Today, with artificial intelligence, history repeats itself for UX. It will be like 1984… but which one? The answer is: Yes.

The impact of the Mac on graphic design processes

At first, it was obvious that the introduction of the computer to Graphic Design would impact technical fields such as typesetting (and the jobs associated with it).

When Apple launched the Mac, photocomposition technicians laughed at it as a toy. When the Apple LaserWriter was released the following year, they laughed at its meager 300 dpi. When the resolution was raised and the price lowered, they stopped laughing.

Almost without us realizing it, another less predictable impact manifested in a short time, not on the final deliverables, but on the process itself: the elimination of the sketching phase with the client. Instead of iterating ideas with the client, we jumped to present them “almost final” proposals. This way, we managed to satisfy their insatiable anxiety at the cost of losing their engagement with the process.

Advertising sketches by Designful Future for Pennzoil

At first, the clients seemed happier: fascinated by the higher level of representation, they congratulated us and gave us their approval. But then they went back to their old ways: I don’t think so, I don’t feel it, my brother-in-law told me. And we no longer had the sketching phase to clear situations.

In the end, the process ended up taking more or less the same time as before, but instead of working like tailors taking the client’s measurements, we went on to show them one proposal after another so that they could tell us which one they liked… as if they were buying underwear.

If history serves as a guide, my prediction is that AI, applied to UX, will also eliminate the low-fidelity prototyping… and the instances of exploration and inquiry needed to innovate.

An ideal use of AI in UX would be to produce rapid prototypes to test with users, taking great care that the higher fidelity that is free to obtain, does not generate biases nor attachment from stakeholders in the initial instances of the project.

But the truth is that many colleagues no longer test. They consider that battle against client anxiety already lost. The next logical step will be to use AI to produce the deliverables that anxious clients demand more quickly.

In other words, to take for granted the vulgar idea that “design” would be the mere execution of the client’s ideas. Ideas that are… design decisions. Decisions that the client made without adequate tools, and without even knowing that he was making decisions.

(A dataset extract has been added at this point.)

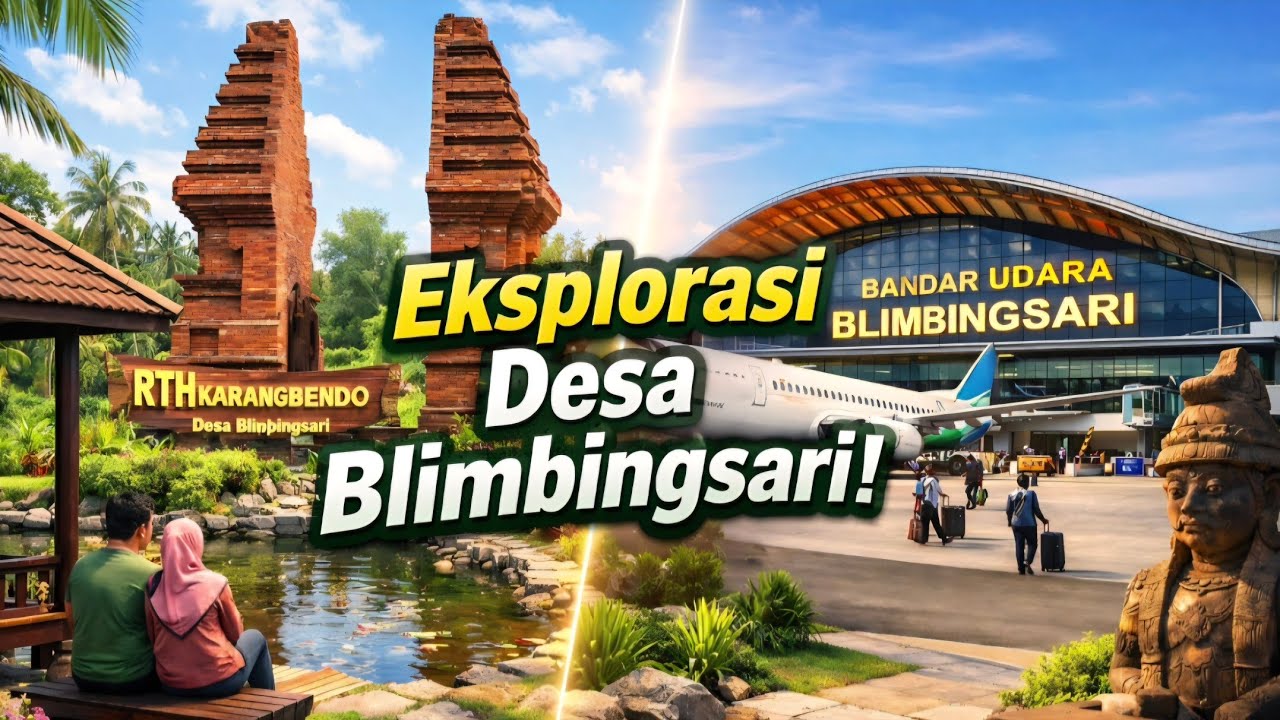 Bandar Udara Blimbingsari & desa Karangbendo I Antara Gerbang Majapahit dan Modernnisasi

If we are among the increasingly unlucky ones who every day feel like “mouse drivers”, cheer up! If we do nothing, today will be better than tomorrow, when we will be mere prompt monkeys.

AI is not the right answer to client anxiety. Because anxiety has no bottom.

When we add a technology N to a human problem X, caused by a human defect (such as anxiety), the result is not a solution. It is problem X to the Nth power.

To remedy this, the solution is not “AI” or “No AI”. It is to accept our historical role: we are the ones who must earn the professional respect we need to do our job, and build by example the foundation for our practice and that of those who succeed us.